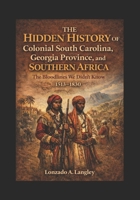 THE HIDDEN HISTORY OF COLONIAL SOUTH CAROLINA, THE GEORGIA PROVINCE, AND SOUTHERN AFRICA: “The Bloodlines We Didn’t Know” B0GSTN617N Book Cover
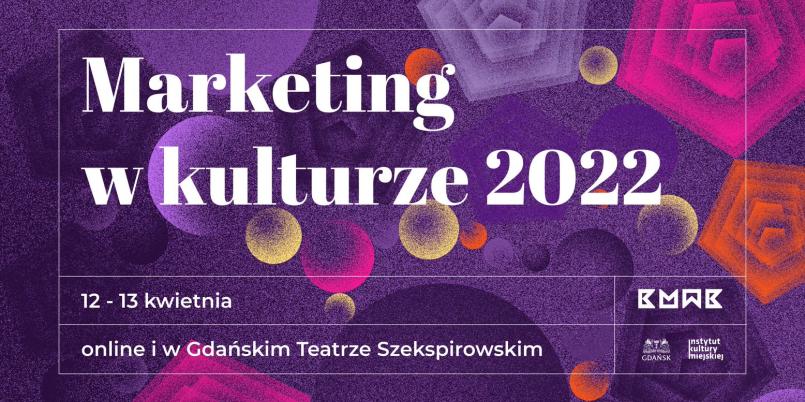 Wystartowała rejestracja na konferencję Marketing w Kulturze. Komunikacja – trendy – praktyka 2022 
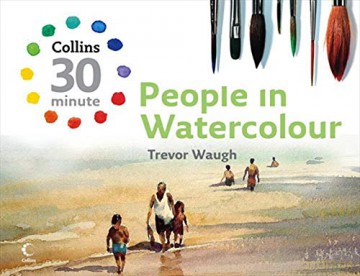 People in Watercolour (Collins 30-Minute Painting) - Trevor Waugh [KSIĄŻKA]
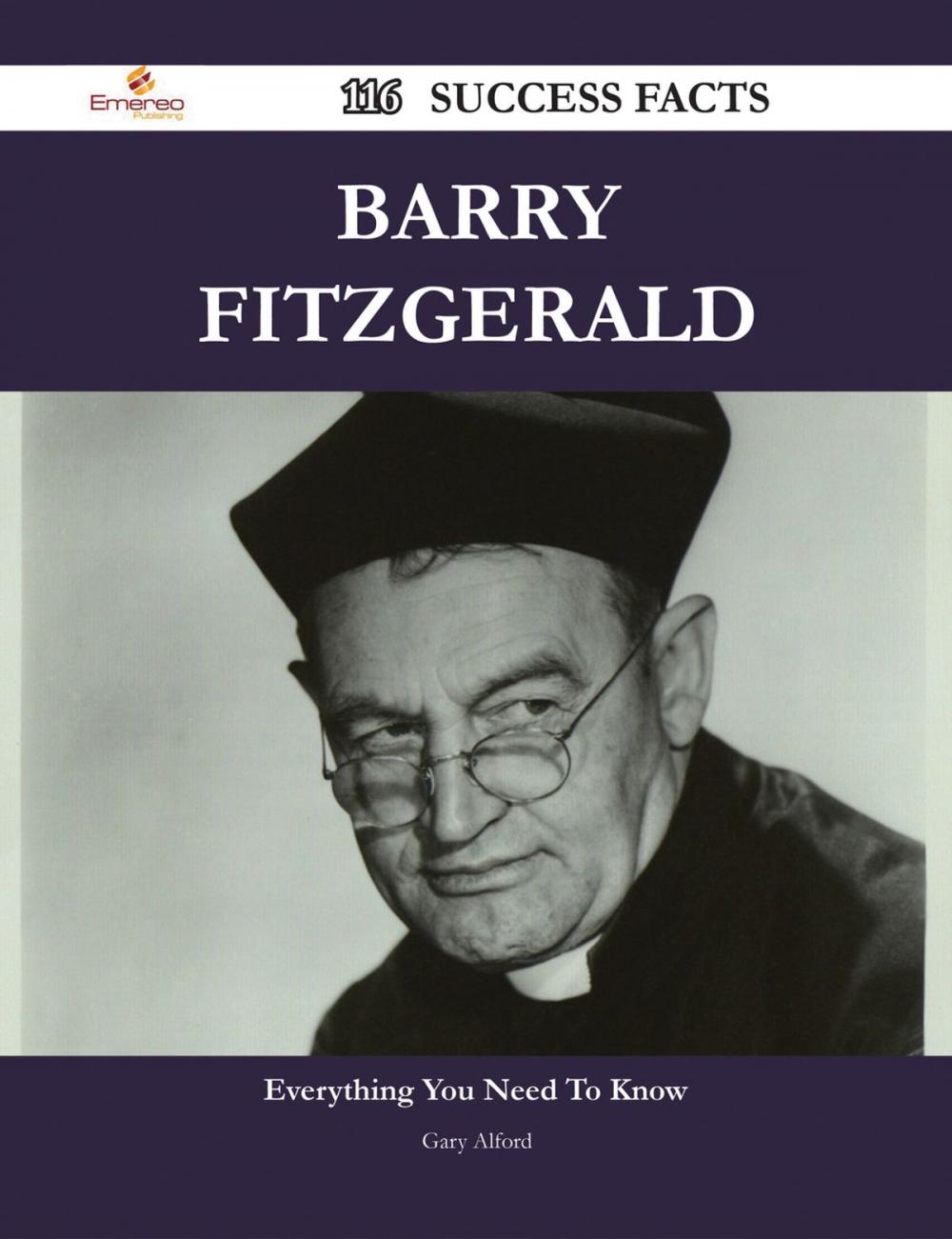 Big bigCover of Barry Fitzgerald 116 Success Facts - Everything you need to know about Barry Fitzgerald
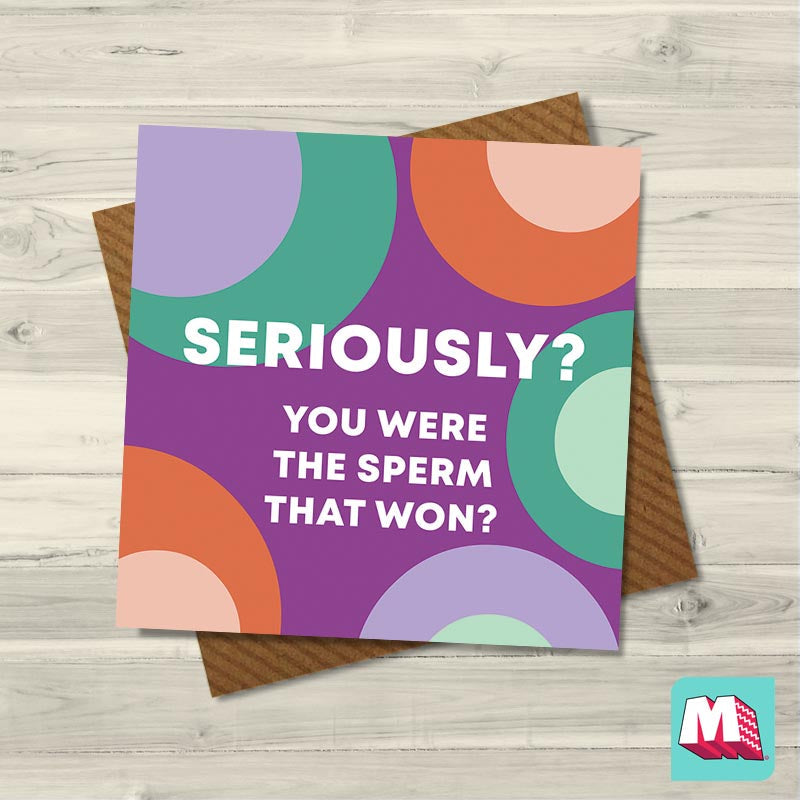 Seriously? You Were The Sperm That Won? - Maktus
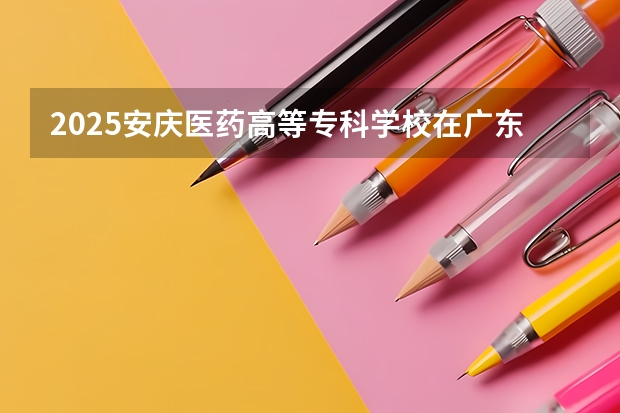 2025安庆医药高等专科学校在广东招生计划人数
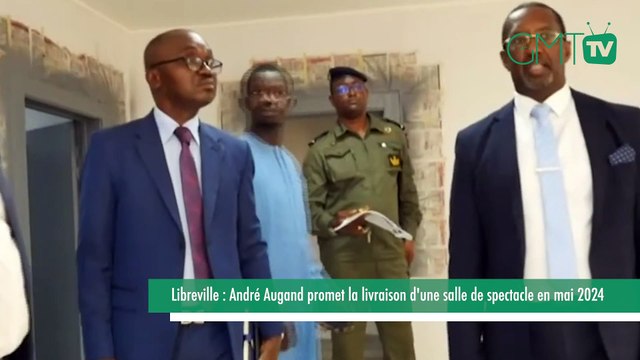 [#Reportage] Libreville : André Augand promet la livraison d'une salle de spectacle en mai 2024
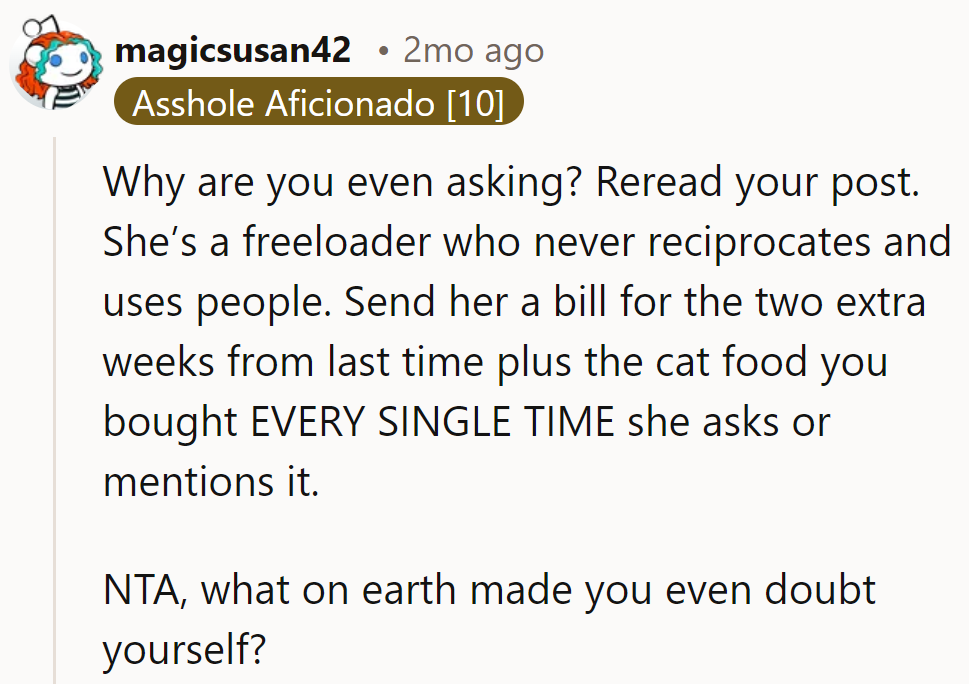 Send her a bill for past favors and cat food—time to cash in on her 'friendship discount.'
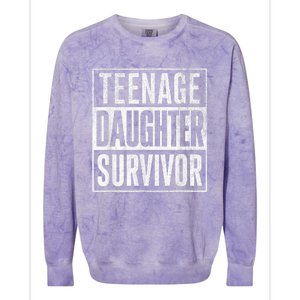 Teenage Daughter Survivor FatherS Day Present Dad Joke Colorblast Crewneck Sweatshirt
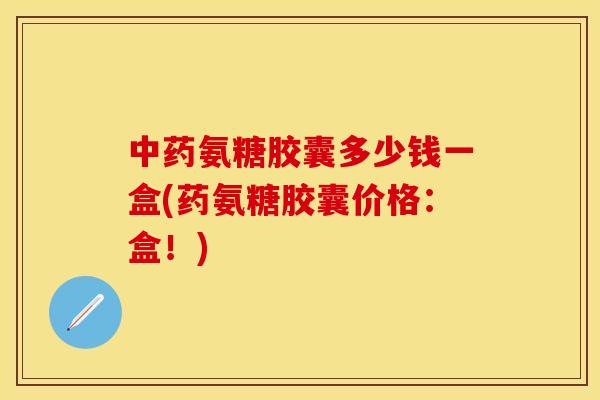 中药氨糖胶囊多少钱一盒(药氨糖胶囊价格：盒！)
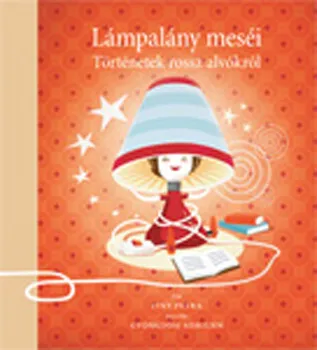 Lámpalány meséi - Történetek rossz alvókról Utolsó esély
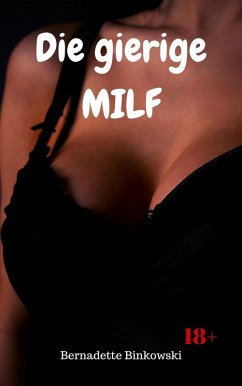 Die gierige MILF (eBook, ePUB) - Binkowski, Bernadette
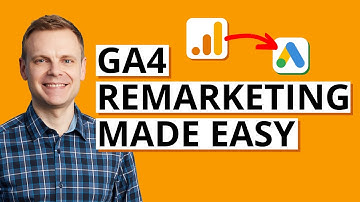 How To Set Up GA4 Remarketing For Google Ads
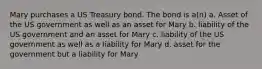 Mary purchases a US Treasury bond. The bond is a(n) a. Asset of the US government as well as an asset for Mary b. liability of the US government and an asset for Mary c. liability of the US government as well as a liability for Mary d. asset for the government but a liability for Mary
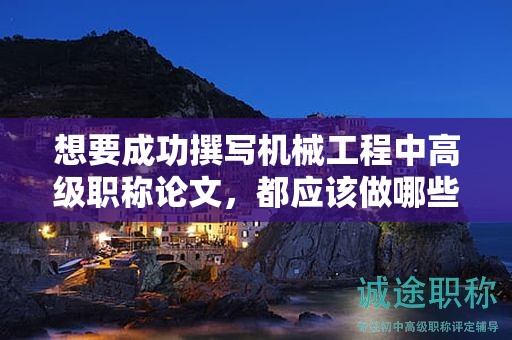 想要成功撰寫(xiě)機(jī)械工程中高級(jí)職稱(chēng)論文，都應(yīng)該做哪些準(zhǔn)備？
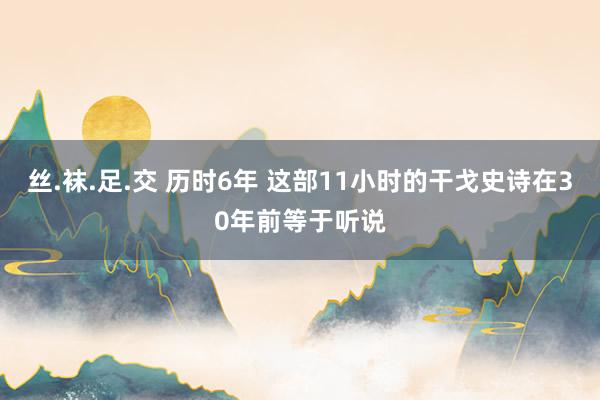 丝.袜.足.交 历时6年 这部11小时的干戈史诗在30年前等于听说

* [WHAT THE TASK ASKS]:
Locate the line containing "Send her a bill" in the records above, then output it and every line after it through the last, excluding pictures.

* [TASK OUTPUT]:
 Send her a bill for past favors and cat food—time to cash in on her 'friendship discount.'
 Teenage Daughter Survivor FatherS Day Present Dad Joke Colorblast Crewneck Sweatshirt
 中药氨糖胶囊多少钱一盒(药氨糖胶囊价格：盒！)
 Lámpalány meséi - Történetek rossz alvókról Utolsó esély
 Die gierige MILF (eBook, ePUB) - Binkowski, Bernadette
 How To Set Up GA4 Remarketing For Google Ads
 Mary purchases a US Treasury bond. The bond is a(n) a. Asset of the US government as well as an asset for Mary b. liability of the US government and an asset for Mary c. liability of the US government as well as a liability for Mary d. asset for the government but a liability for Mary
 想要成功撰寫(xiě)機(jī)械工程中高級(jí)職稱(chēng)論文，都應(yīng)該做哪些準(zhǔn)備？
 丝.袜.足.交 历时6年 这部11小时的干戈史诗在30年前等于听说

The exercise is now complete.